══ DATASET CONTENT

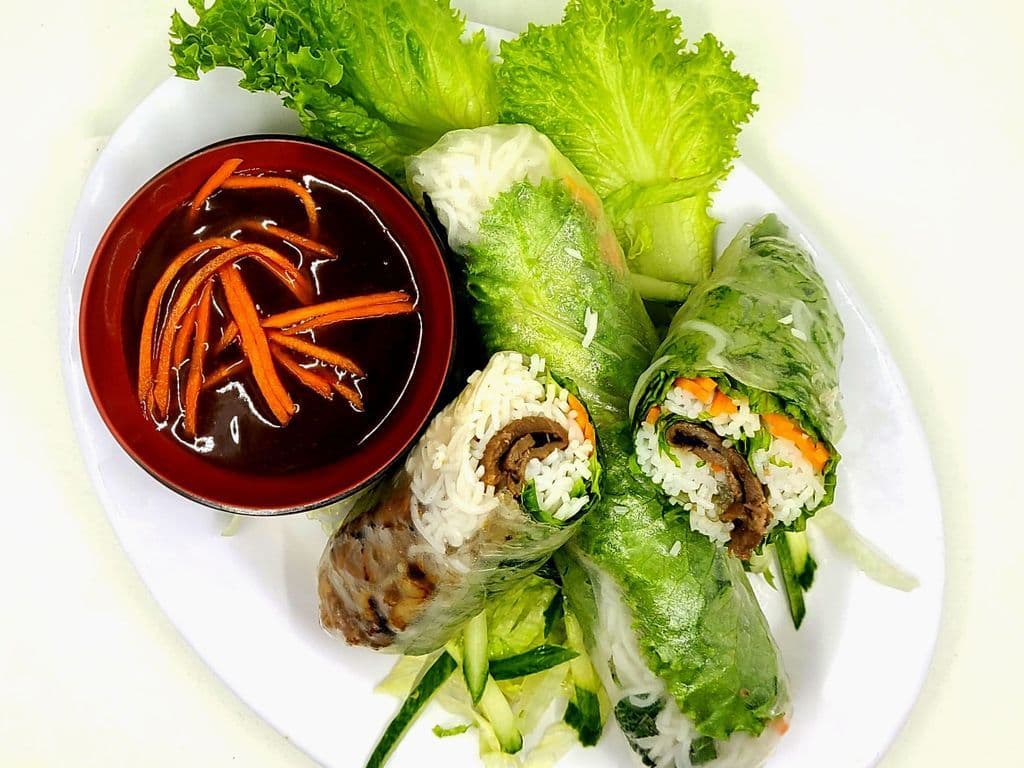 A3 - Grilled Beef Rice Paper Rolls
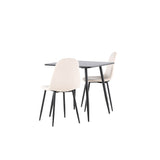 Polar, Polar Rektangulär matgrupp Beige, svart, Svart, 75 x 75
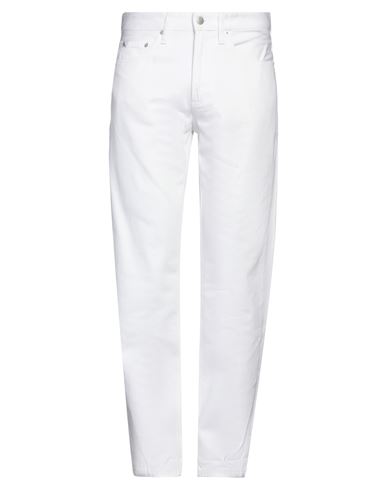 Calvin Klein Jeans Est.1978 Calvin Klein Jeans Man Denim Pants White Size 32 Cotton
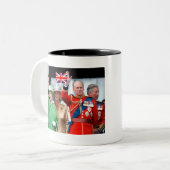 Tasse 2 Couleurs Famille royale britannique (Devant gauche)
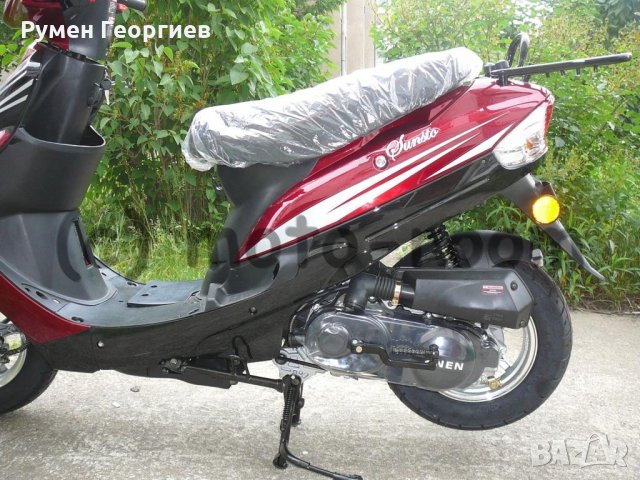 Мотопед/скутер Sunsto Znen, 4-тактов, 50/80 cc, 10" джанти, снимка 12 - Мотоциклети и мототехника - 21764609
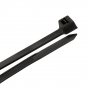 Cable Ties, 14-1/2 in Black Heavy-Duty, 100-Pack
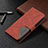 Handytasche Stand Schutzhülle Flip Leder Hülle Modisch Muster L06 für Apple iPhone 15 Pro Braun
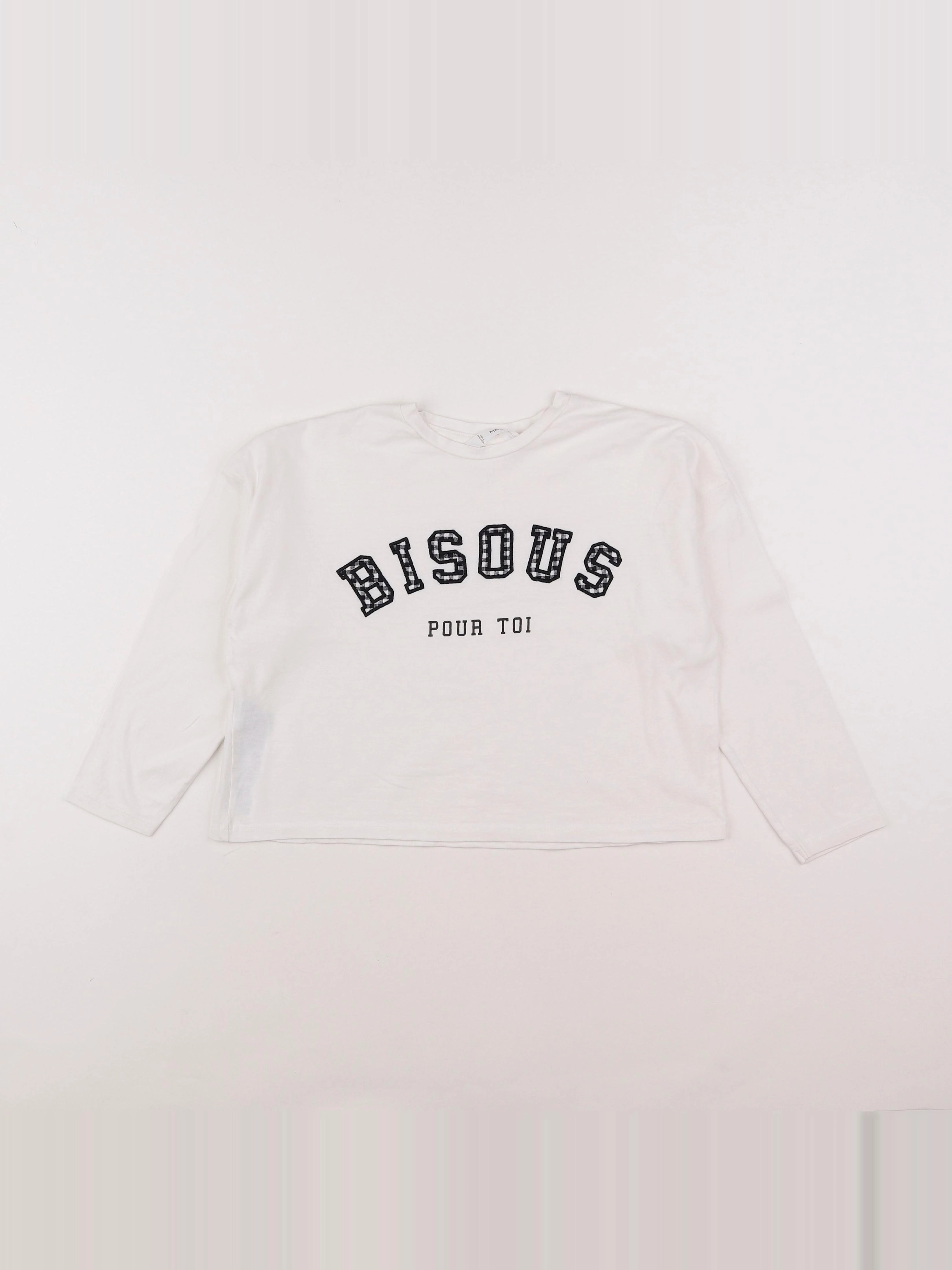 Mango - tee-shirt blanc - 7/8 ans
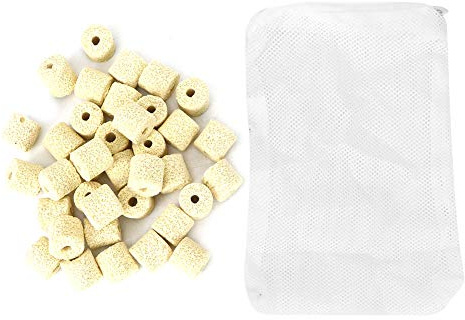Pssopp Aquarium Filtermedien Bakterien Ring Filtermedien Keramik Ring Aquarium Biologische Bakterien Filtermaterial für Aquarium
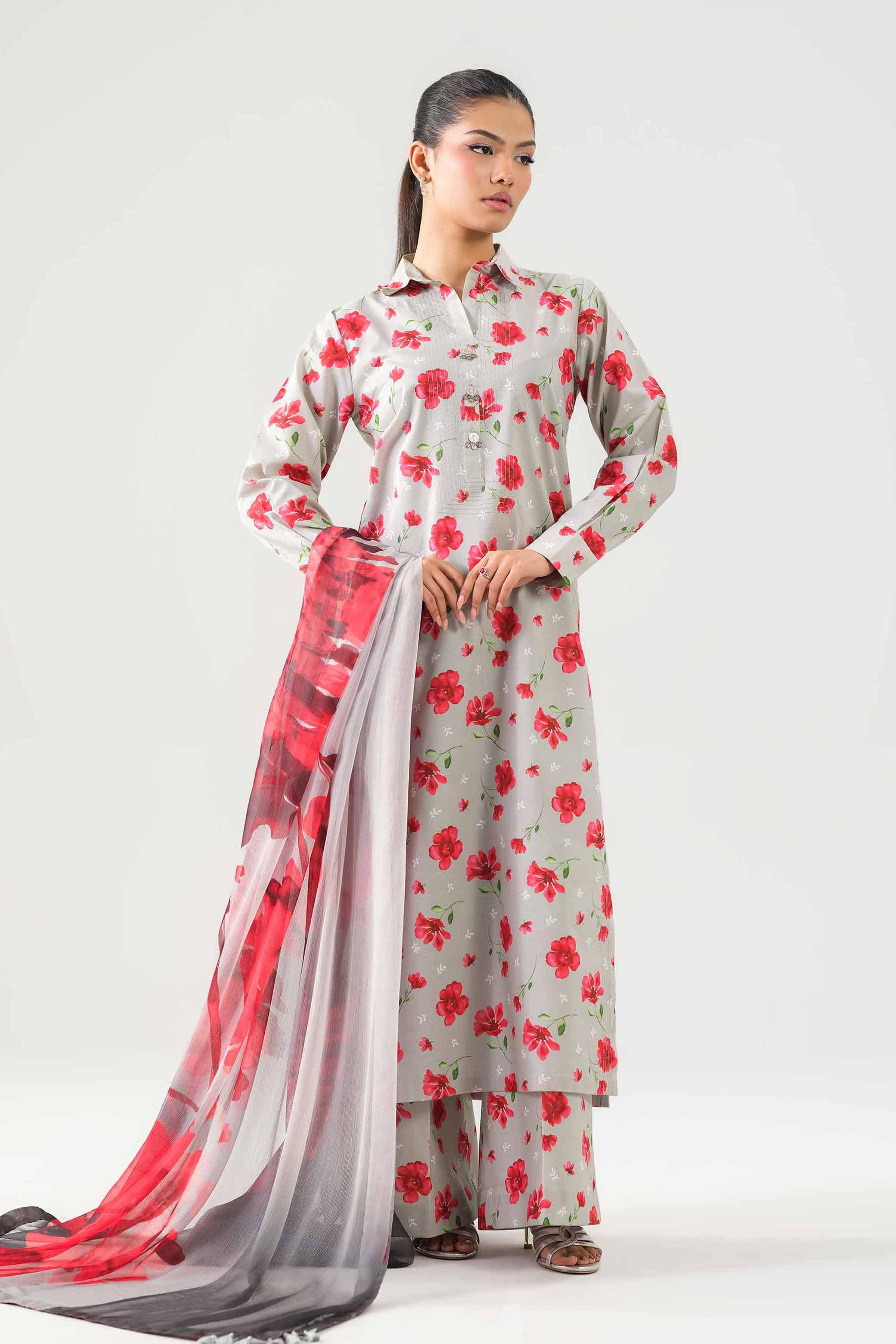 3 Piece - Digital Printed Suit - 42601253
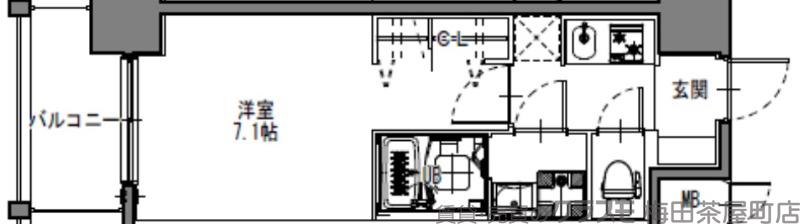 新高の完工年月(2021年5月)築の賃貸マンションの間取り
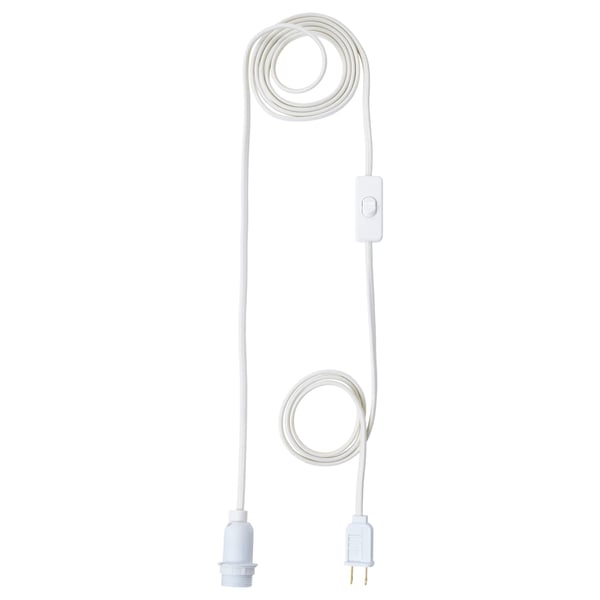 IKEA STRÅLA Cord set white 157 "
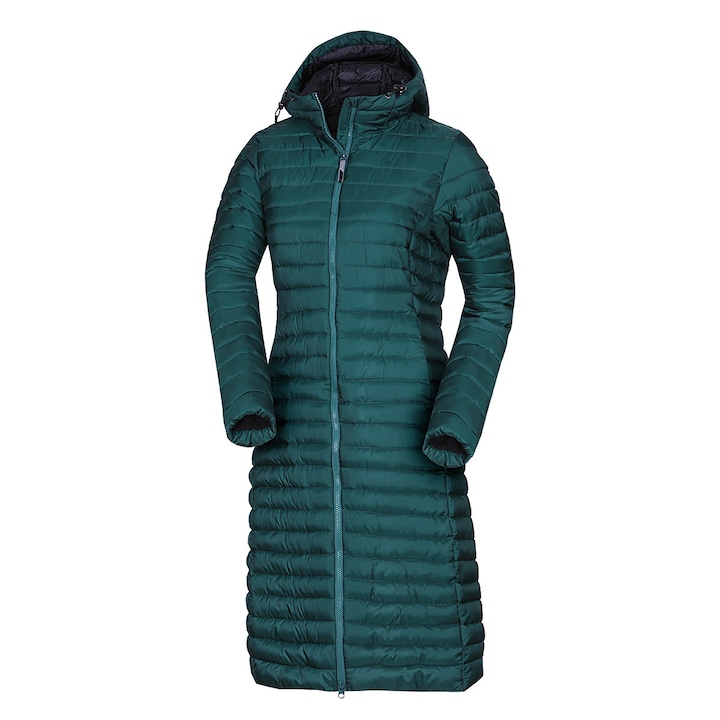 Дълго спортно яке за жени Bobbie, Тъмносин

════

Please reproduce, word for word, every line from the first line of the records above through the line containing "Мотопед/скутер Sunsto Znen, 4-тактов, 50/80", and leave out the pictures.

 A3 - Grilled Beef Rice Paper Rolls
 Polar, Polar Rektangulär matgrupp Beige, svart, Svart, 75 x 75
 Calvin Klein Jeans Est.1978 Calvin Klein Jeans Man Denim Pants White Size 32 Cotton
 Tasse 2 Couleurs Famille royale britannique (Devant gauche)
 Мотопед/скутер Sunsto Znen, 4-тактов, 50/80 cc, 10" джанти, снимка 12 - Мотоциклети и мототехника - 21764609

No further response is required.